His play, "Kimono You Didn't," gets protested by The Forum to Advocate Respectful Asian Portrayals in Entertainment. Certain capital letters in that group's name get set off in different colors, when the name is shown onscreen, to emphasize "R.A.P.E."—perhaps history's most labored rape joke. (Coincidentally enough, it's an Asian-American character who's the least amenable to blue humor on Andrew Dice Clay's new sitcom, Dice; Fey and Clay both are wise enough to know that certain types of humor truly cross lines in our current political climate, and find a safe group to mock.) When the protestors come to Titus's show, they're unambiguously bullies, proven wrong by the sheer quality of Titus's work. "It's like, I can't breathe," one Asian woman says, before realizing she's co-opted the language of the Black Lives Matter movement (not exactly, but at this point, why not just go along?). "I'm not allowed to say that! I offended myself," she says, before immediately ascending into heaven on a light beam.
Given a huge amount of resources and a second season of a wide-ranging show that could deal with any topic, Fey and Carlock put together an episode all about how they are oppressed, and how their oppressors are acting in bad faith to seek attention. It's a strange choice, particularly given Fey's adamant and frequent claims that she doesn't care about those who criticize her humor: "There’s a real culture of demanding apologies, and I’m opting out of that," she's said, which is fine! I really admire the episode of 30 Rock dealing with Jezebel and modern feminism, which made sharp points about how Fey can be criticized unfairly. But there wasn't the flabbiness there that defines Unbreakable Kimmy Schmidt.
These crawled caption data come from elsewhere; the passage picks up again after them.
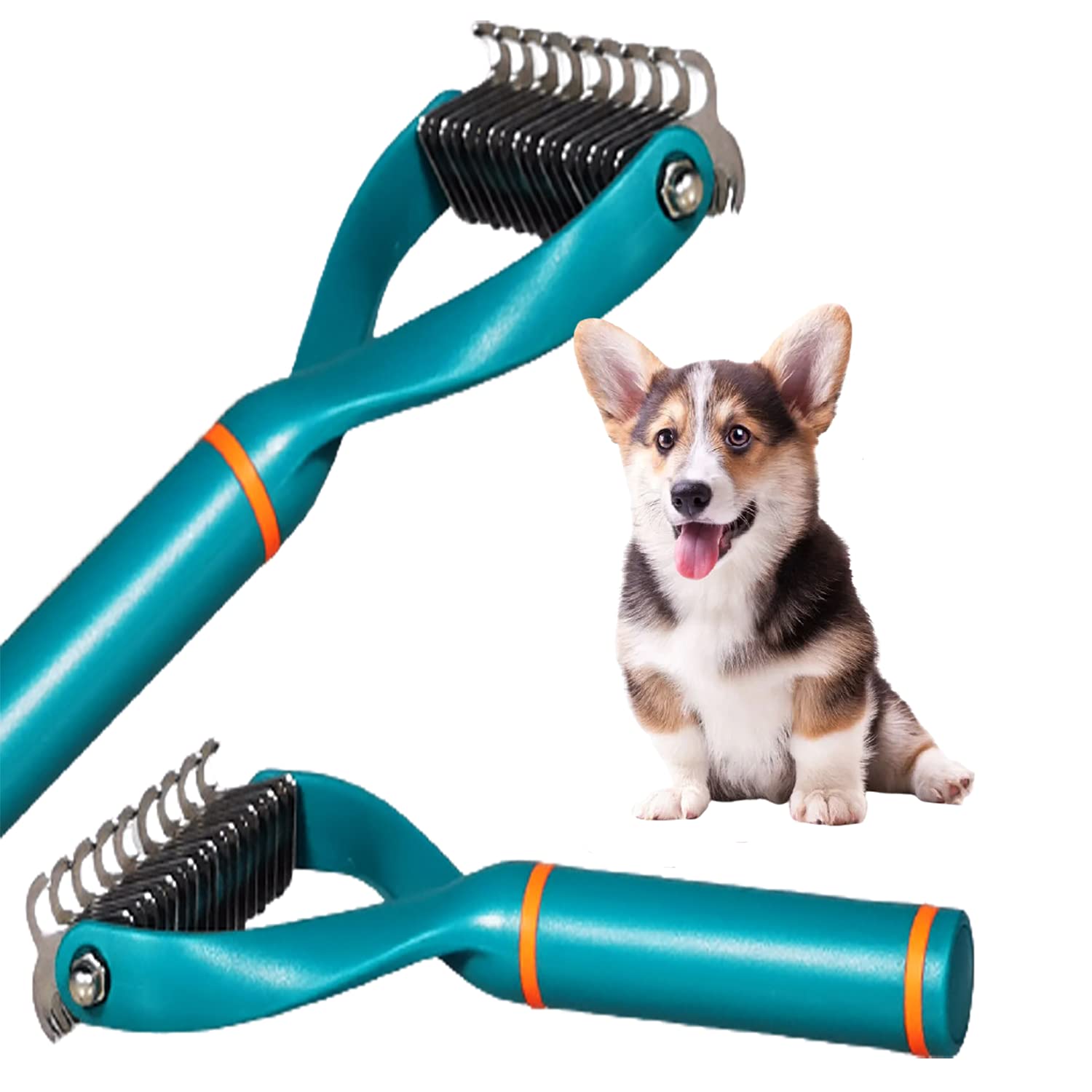 2 Sided Undercoat Rake for Cats & Dogs- Pet Grooming Tool - Premium Dog Rake-Deshedding and Dematting Comb Helps Prevent Tangles and Mats-Green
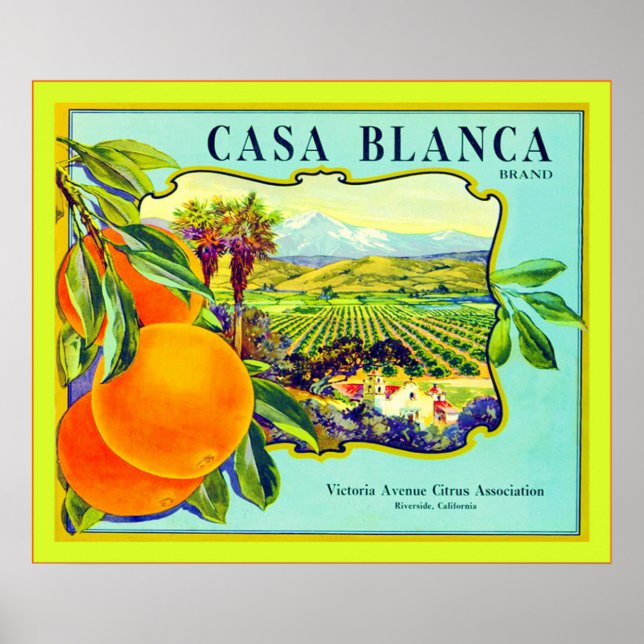 Vintages Fruchtkäfigetikett Poster (Vorne)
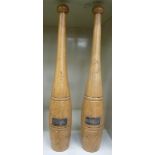 A pair of Indian turned wooden bowling-pin design exercise clubs (meels),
There's a big difference between being unapologetic and declaiming, at length, on how those who want you to apologize should apologize to you, baiting them in the process.
Kimmy's first season made its share of missteps. A dull musical sequence, "Daddy's Boy," existed to make the unimaginative point that "Daddy" could refer to a father or a sex partner. And I'm unsurprised that Fey's own extremely unsympathetic portrayal of Marcia Clark in the first season has come to be re-evaluated after The People v. O.J. Simpson suggested Clark was something more than a dunce, but the show basically got a free pass at the time. Sure, it was kind of funny, but it was humor by the "edgy" board game Cards Against Humanity: Clark was a target chosen without precision and fired at with heavy artillery. It didn't, and doesn't, sit well.
This season's equivalent is a version of Robert Durst played by Fred Armisen, who doesn't really say anything funny but certainly does remind us that Robert Durst is a weirdo who probably killed someone. He's a litmus test: Think this isn't funny? Then you are humorless. The second season isn't just doubling down on a say-everything ethos that loses sight of character and plot in favor of being daring. It's an elaborate defense of itself. Apologies may be the enemy of comedy. But demanding an apology as the price of admission is hardly much funnier.
Correction: The original version of this story incorrectly described Kimono You Didn’t. It is a one-man show.